For Welsh Land Transaction Tax on additional residential properties, trusts are not all treated the same. In bare trusts and some settlements where a beneficiary has a present right to live in the property for life or receive its income, HMRC-style rules look through the trust and test the beneficiary’s own property position. If the trust is discretionary, the beneficiary’s personal property interests are generally ignored and the trustees are charged at the higher rates.

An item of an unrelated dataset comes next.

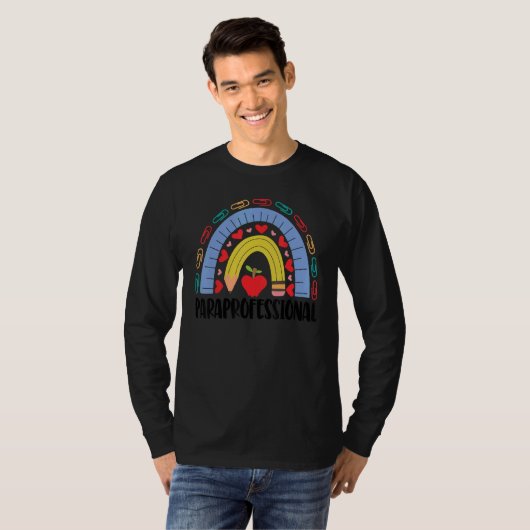 Paraprofessional School Rainbow Acedamic T-shirt (Voorkant volledig)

  • For a bare trust, the beneficiary is usually treated as the real buyer or owner for higher rates purposes, including where a lease is granted.
  • For a settlement where a beneficiary has a right to occupy for life or a right to income, you ask whether that beneficiary would have paid higher rates if they had bought directly.
  • If there is more than one relevant beneficiary, each must be tested, and if any one of them would trigger higher rates, the trustees must apply the higher rates.
  • Discretionary trusts are treated differently: the beneficiary’s own property ownership is not normally relevant, and the trustees’ purchase is charged at the higher rates.
  • These rules also affect ownership and disposal tests, so a beneficiary may be treated as owning or disposing of a dwelling held or sold by the trust.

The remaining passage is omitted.